Supported providers out of the box: OpenAI, Anthropic, Cohere. Adding more is a small plugin.


Quick start

# 1. Clone + install (uv handles the venv + lock)
git clone https://github.com/gkamradt/needle-in-a-haystack.git
cd needle-in-a-haystack
uv sync

# 2. Drop your API key(s) in a .env file (auto-loaded by niah; .env is gitignored)
echo "OPENAI_API_KEY=sk-..." >> .env
# or: export OPENAI_API_KEY=sk-...   if you prefer not to use .env

# 3. Smoke-test the full pipeline with no API calls
uv run niah run configs/runs/smoke.fake.yaml

# 4. Validate then run an example against a real model
uv run niah validate configs/runs/single_needle.example.yaml
uv run niah run      configs/runs/single_needle.example.yaml

The run writes one JSONL row per sweep cell. Each row carries the score, token usage, cost, and a tiny recipe that lets you exactly reconstruct the context the model saw:

niah reconstruct results/single-needle-opus.jsonl --row 0

What you configure

You point niah at one run config (YAML) that references one model config (also YAML).

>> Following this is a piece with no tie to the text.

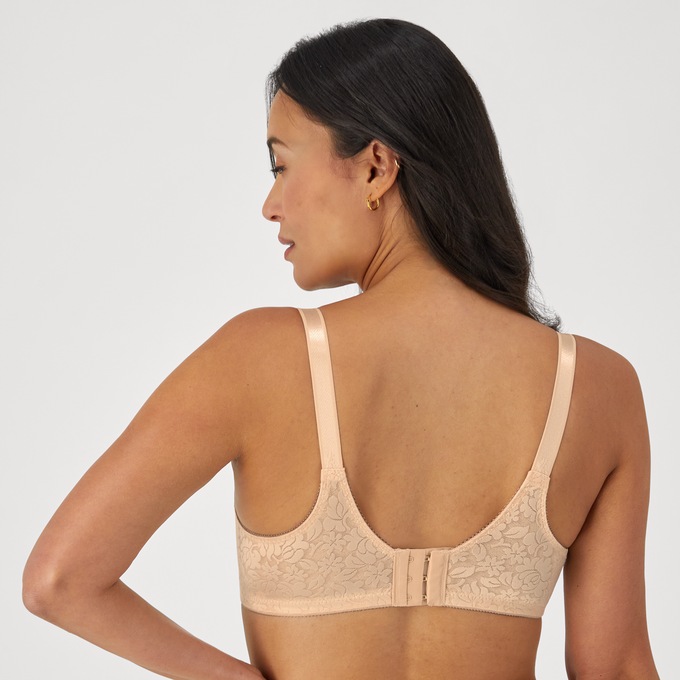 Bali Wireless Lace Double Support Bra with Adjustable Straps, Soft Taupe, large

Examples live in configs/.

Run config (configs/runs/uuid_chain.example.yaml)

run_name: "uuid-chain-opus"
model: "anthropic-opus-4-medium"   # resolved against configs/models/

task:
  type: "uuid_chain"
  chain_length: 5

haystack:
  type: "files"
  path: "PaulGrahamEssays"

sweep:
  context_lengths: {min: 2000, max: 32000, num: 8,  scale: "linear"}
  depth_percents:  {min: 0,    max: 100,   num: 11, scale: "sigmoid"}
  seeds: [1, 2, 3]

runner:
  concurrency: 2
  retries: 2
  resume: true

store:
  type: "jsonl"
  path: "results/uuid-chain-opus.jsonl"

Model config (configs/models/anthropic-opus-4-medium.yaml)

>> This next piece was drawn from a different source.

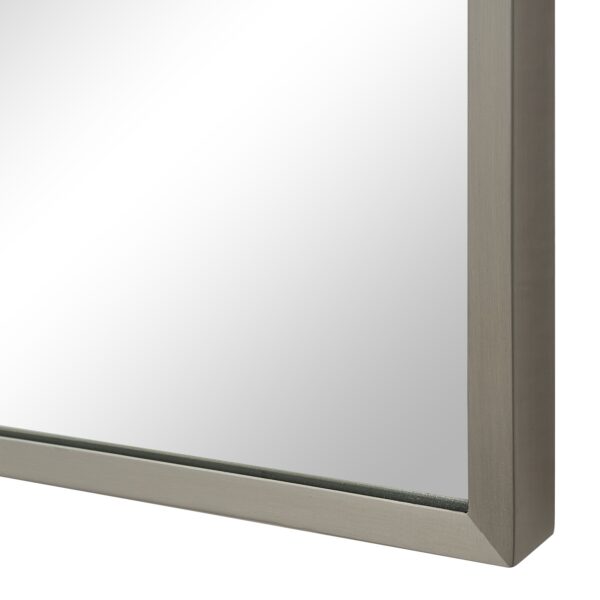 Renwil Salma Brushed Nickel Arch Wall Mirror MT2720 - close-up of nickel finish and glass edge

id: "anthropic-opus-4-medium"
runtime:
  sdk: "anthropic-python"
  api: "messages"
client:
  api_key_env: "ANTHROPIC_API_KEY"
request:
  model: "claude-opus-4"
  max_tokens: 120000
  thinking:
    type: "adaptive"
  output_config:
    effort: "medium"
pricing:
  input: 5.00      # USD per 1M input tokens
  output: 25.00    # USD per 1M output tokens

Anything under request: is forwarded verbatim to the SDK, so adding new provider-specific knobs (thinking, reasoning_effort, top_p, …) doesn't require a code change.


Built-in tasks

task.type What it does
single One fact placed at one depth; exact-match scored.
multi N facts spread evenly through the context; fractional score.
uuid One fresh UUID at one depth; model must repeat it.
uuid_chain Chain of A → B → C → … links spread through the context. The question asks "what is the value associated with A?" without revealing the chain structure — the model has to discover the hops on its own.

Tasks are a small Protocol — see needlehaystack/tasks/. Adding your own is one file and a registry call; nothing in the runner needs to change.

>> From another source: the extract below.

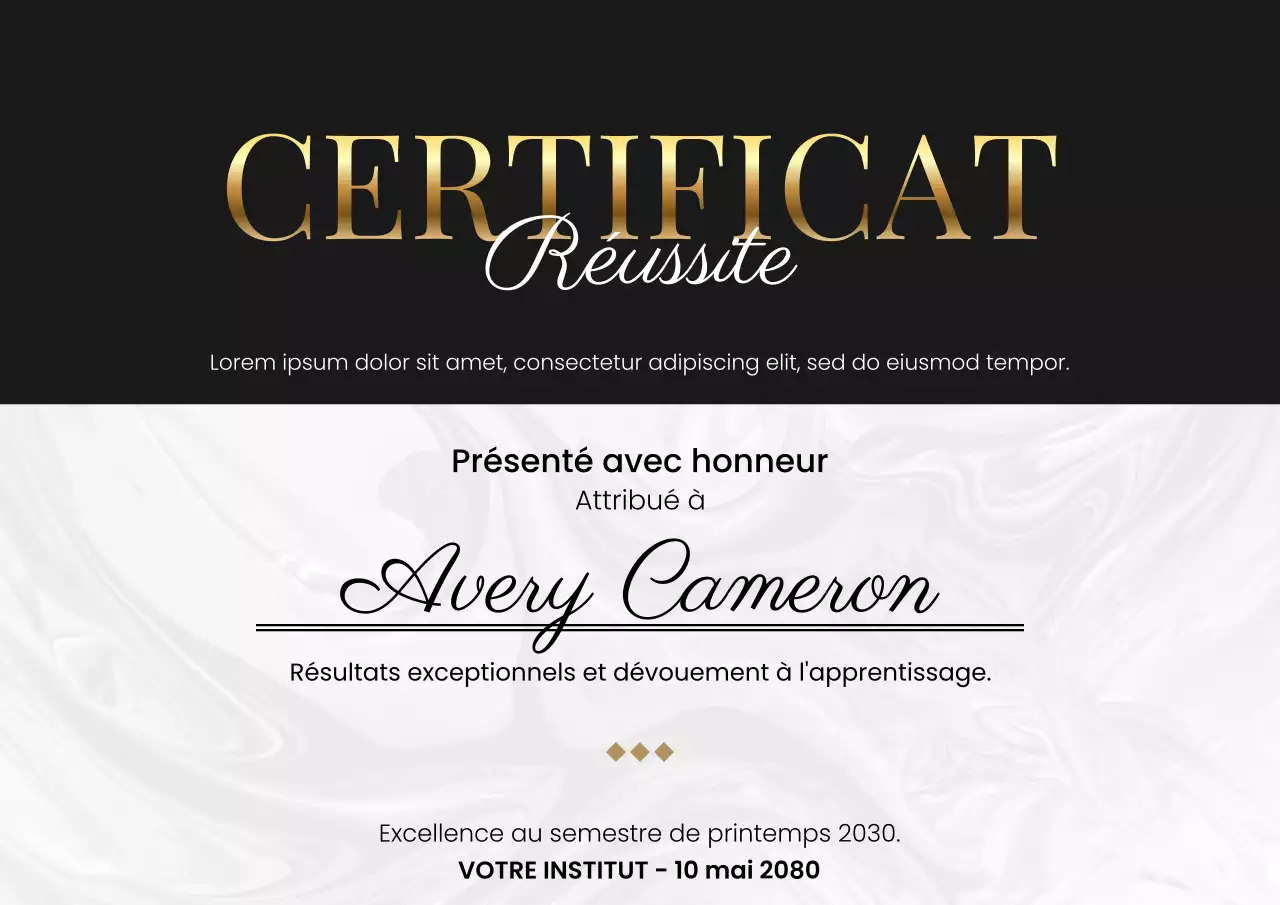 Affiche Web du certificat académique élégant de Goldold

from needlehaystack.tasks import register_task

class MyCustomTask:
    name = "my_task"
    inserter_name = "single_depth"
    def generate_needle(self, seed): ...
    def insert(self, ctx, needle, depth): ...
    def question(self, needle): ...
    def score(self, response, needle): ...

register_task("my_task", MyCustomTask)

Reference it from a run config with task.type: "my_task".


CLI

niah run        <run.yaml>            run a sweep, append to JSONL
niah run        <run.yaml> --dry-run  validate, resolve model, print plan, exit
niah validate   <run.yaml>            parse + resolve without running
niah reconstruct <results.jsonl> --row N [--out file]
                                      rebuild the exact context shown to the model

--model-dir DIR (repeatable) adds extra search paths for bare model ids.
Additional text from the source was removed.